Ebenfalls für den Herbst 2013 ist die Veröffentlichung der Zahlen für das Geschäftsjahr 2012/13 (endet am 30. Juni) geplant. Nach neun Monaten kam Balda in den fortgeführten Geschäftsbereichen bei Erlösen von 35,6 Mio. Euro auf einen Gewinn vor Zinsen, Steuern und Abschreibungen (EBITDA) vor Sondereffekten von 2,6 Mio. Euro. Inklusive des bereits 2011 verkauften Handyschalengeschäfts sowie dem mittlerweile veräußerten Standort Malysia erreichte Balda einen Gewinn von 11,9 Mio. Euro. Maßgeblichen Einfluss hat hier allerdings das stattliche Finanzergebnis von rund 25 Mio. Euro. Einen laut Vorstandschef Müser „erfreulichen Ergebnisbeitrag“ lieferten dabei die zum dritten Quartal erstmals in den Abschluss mit einbezogenen amerikanischen Kunststoffspezialisten C. Brewer und HK Plastics. Die EBITDA-Marge der Anfang 2013 für 38 Mio. Euro erworbenen Zukäufe liegt bei rund zehn Prozent. Für das Gesamtjahr rechnet der Vorstand im fortgeführten Geschäft mit Erlösen von 60 bis 65 Mio. Euro und einem „klar positiven EBTDA“. Angesichts der enormen Sondereffekte aus dem Verkauf der restlichen TPK-Anteile ist unterm Strich mit einem recht hohen Gewinn zu rechnen. Die Aussagekraft dieser Größe für Kennzahlen wie das KGV ist allerdings sehr begrenzt.
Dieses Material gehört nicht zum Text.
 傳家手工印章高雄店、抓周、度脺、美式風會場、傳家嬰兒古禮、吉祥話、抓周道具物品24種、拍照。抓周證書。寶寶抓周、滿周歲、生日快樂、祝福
Innerhalb des SDAX gehört die Balda-Aktie zu den am schwersten greifbaren Unternehmen. Der Börsenwert beträgt 275 Mio. Euro und ist nahezu komplett durch Finanzmittel abgedeckt. Per Ende März erreichte die Eigenkapitalquote nicht alltägliche 90 Prozent. Das sieht auf den ersten Blick top aus. Nun kommt es aber darauf an, dass endlich Ruhe einkehrt und die leidigen Strategiediskussionen und Spekulationen um die Absichten der Großaktionäre endlich ein Ende finden. Dann sollte auch die Notiz von Balda auf einen nachhaltigen Aufwärtstrend schwenken. Kurzfristig steht das die Umsetzung der dritten Dividendentranche aus dem TPK-Verkauf auf der Agenda. Sollte es nicht bei der angekündigten Ausschüttung von 1,50 Euro pro Aktie bleiben, würde dies zu einem Gesichtsverlust von Vorstandschef Müser führen – und die Querelen gingen in eine neue Runde. Wer sich die Balda-Aktie ins Depot legt, muss Überraschungen einkalkulieren. Dafür bietet der Titel im Gegenzug aber auch eine super interessante Investmentstory.